# tailscale-proxy

> A small Go utility for sharing local dev servers through one Tailscale URL, then tearing it down cleanly.

`tailscale-proxy` is for the local-service problem: you have dev servers running on your machine, someone else needs to reach them, and you do not want a pile of tunnel scripts or one more dashboard.

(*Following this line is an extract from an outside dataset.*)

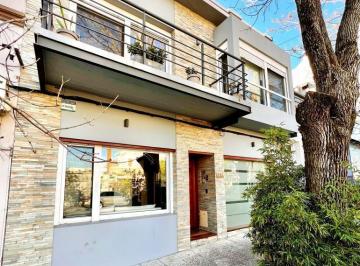 Casa · 146m² · 5 Ambientes · Casa en Colonia en Venta de 3 Dorm., 2 Baños y Oficina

The use case is ordinary and that is why it matters. A teammate needs to see a local build. A webhook provider needs a temporary endpoint. A mobile device needs to hit a service running on a laptop. The wrong solution is often too much ceremony: accounts, dashboards, config files, random per-session URLs, and half-remembered cleanup steps.

```mermaid
flowchart LR
  A[dev servers] --> B[discover ports]
  B --> C[project route]
  C --> D[Tailscale Serve/Funnel]
  D --> E[reviewer/webhook/device]
  E --> F[teardown]
```

<Tradeoff title="Temporary access still needs a boundary">
  The fastest tunnel is not always the safest one. A useful dev tool makes sharing easy while making
  the trust boundary and teardown obvious.
</Tradeoff>

## What it optimizes for

- Small setup surface.
- Clear local-to-public mapping under one stable Tailscale hostname.
- Tailscale Serve/Funnel as the trust boundary.
- Project-name routes so several dev servers can share one entry point.
- Re-scans that tolerate servers coming and going during normal development.
- Easy teardown when the sharing window is over.

## Where it needs defensive programming

The important details are not glamorous. A dev server restarts. A port disappears for a few seconds.
A WebSocket upgrade needs to keep working. A local path has to be stripped before forwarding. The
proxy has to clean up the Serve/Funnel entry on exit so a temporary share does not become a forgotten
exposure.

That is why I like the repo as a lab entry. It is a small tool, but the safety properties are real:
discover, route, proxy, observe, and tear down.

## The engineering habit

Temporary access should still have a trust model. "Just expose it for a minute" is how dev tooling becomes risky. This repo keeps the sharing path narrow: discovered local services, explicit project routes, one known network boundary, and an easy way to stop.

That is the same principle I want in internal platforms. Make the safe path the easy path. Give engineers tools that fit the real workflow, but do not make them paste tokens into random tunnels or invent their own exposure scripts every time they need feedback.